(Records from a data collection)
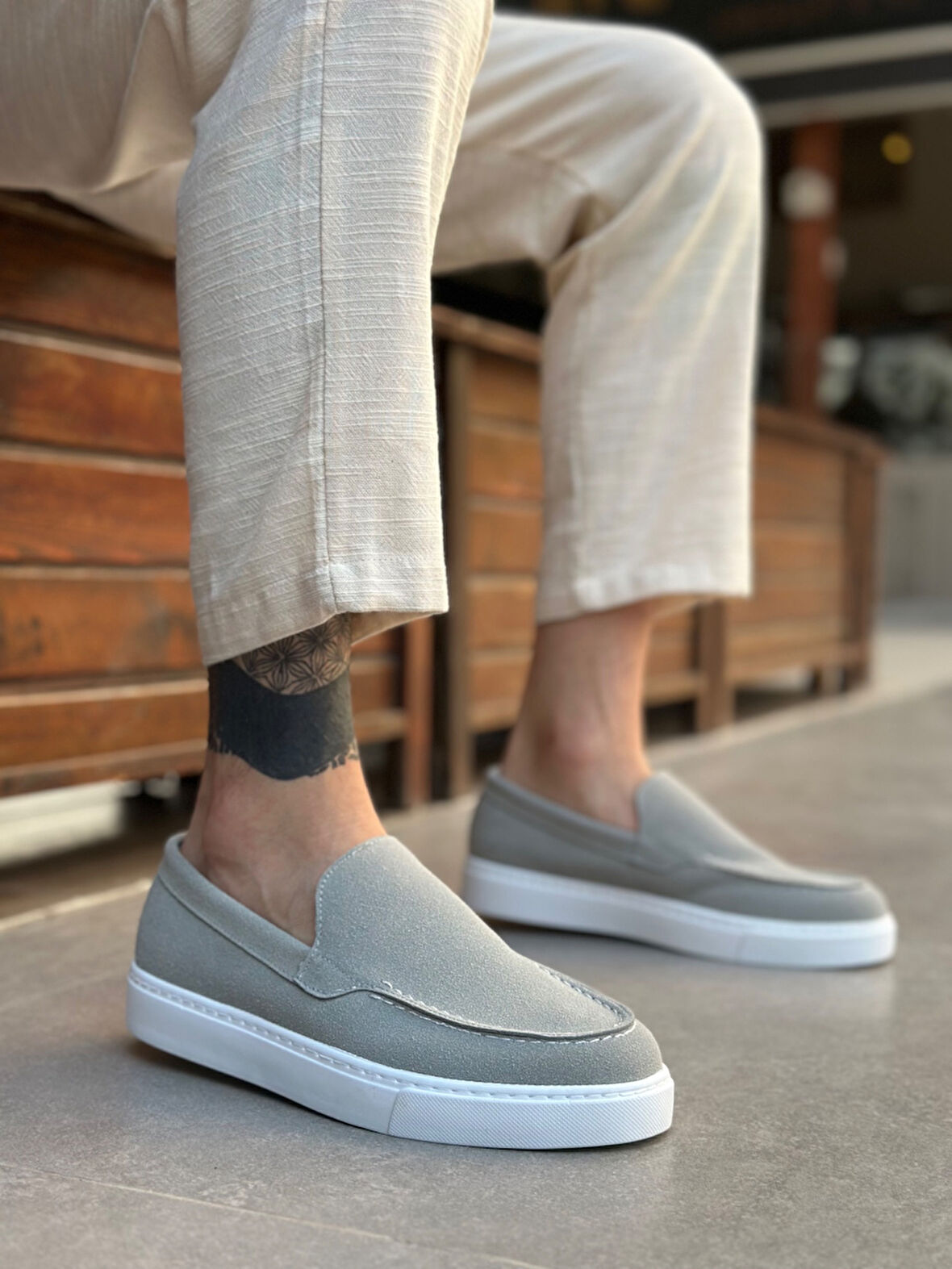 Pabucmarketi Bağcıksız Erkek Casual Ayakkabı GRİ SÜET (BEYAZ TABAN)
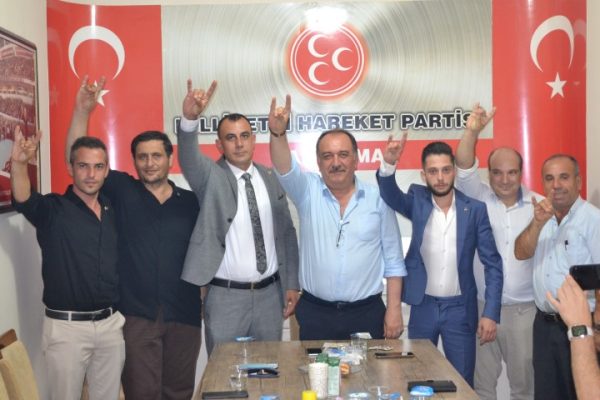 GENÇ PARTİ İLÇE BAŞKANI VE YÖNETİM KURULU MHP’YE KATILDI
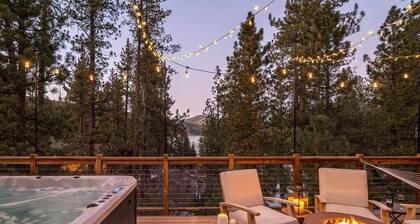 Wow! Starry Treehouse Cabin w/ Lake Views, Hot Tub, Private Sledding Hill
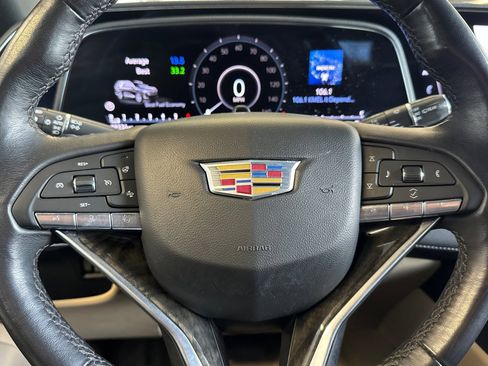 Certified 2024 Cadillac Escalade Premium Luxury image 32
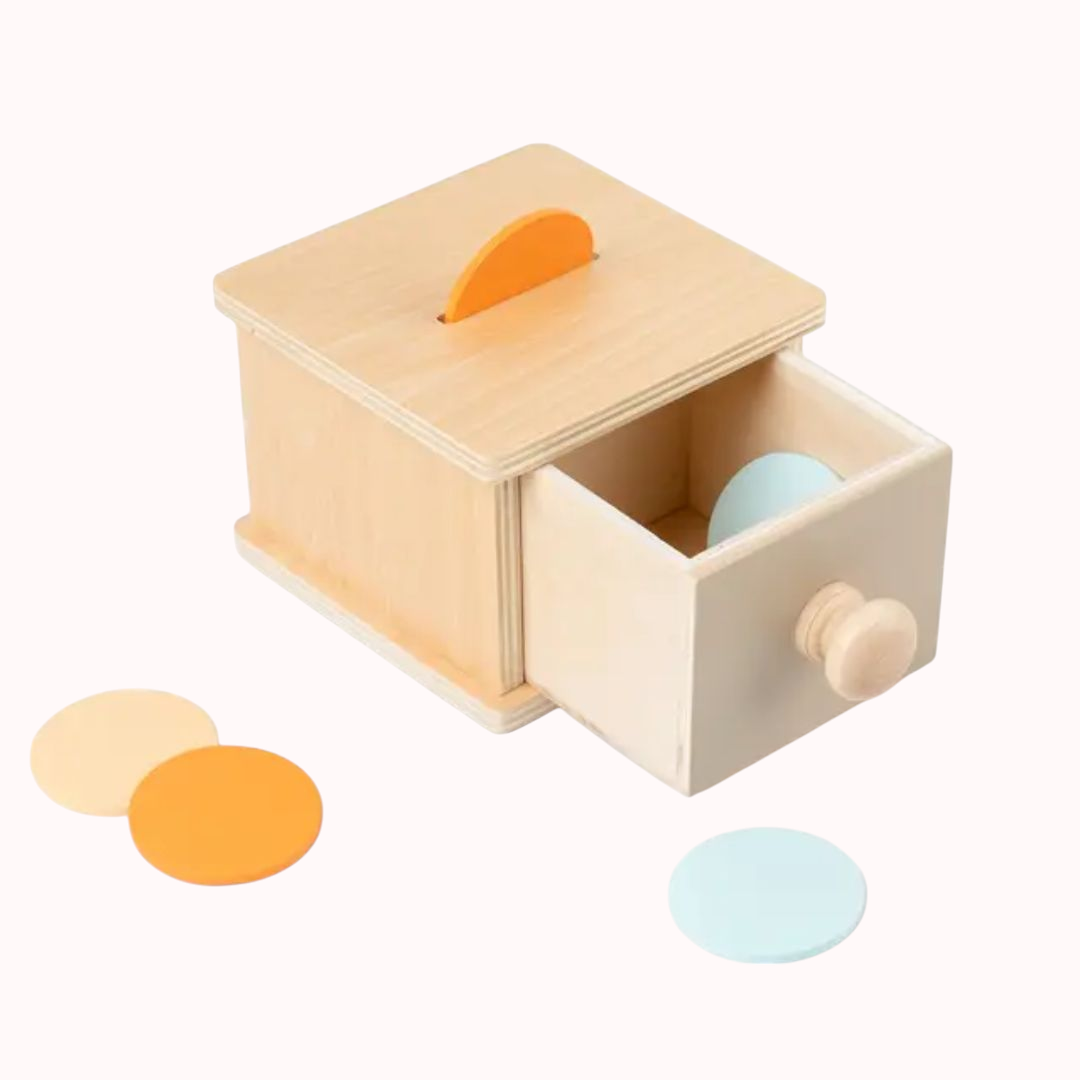 Montessori doboz, fiók érmével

EXERCISE DETAILS:
Your task is to restate word for word the lines from the one containing "Wow! Starry Treehouse" through the last line of the data, both ends included, with no pictures.

REPLY TO THE TASK:
 Wow! Starry Treehouse Cabin w/ Lake Views, Hot Tub, Private Sledding Hill
 Certified 2024 Cadillac Escalade Premium Luxury image 32
 Montessori doboz, fiók érmével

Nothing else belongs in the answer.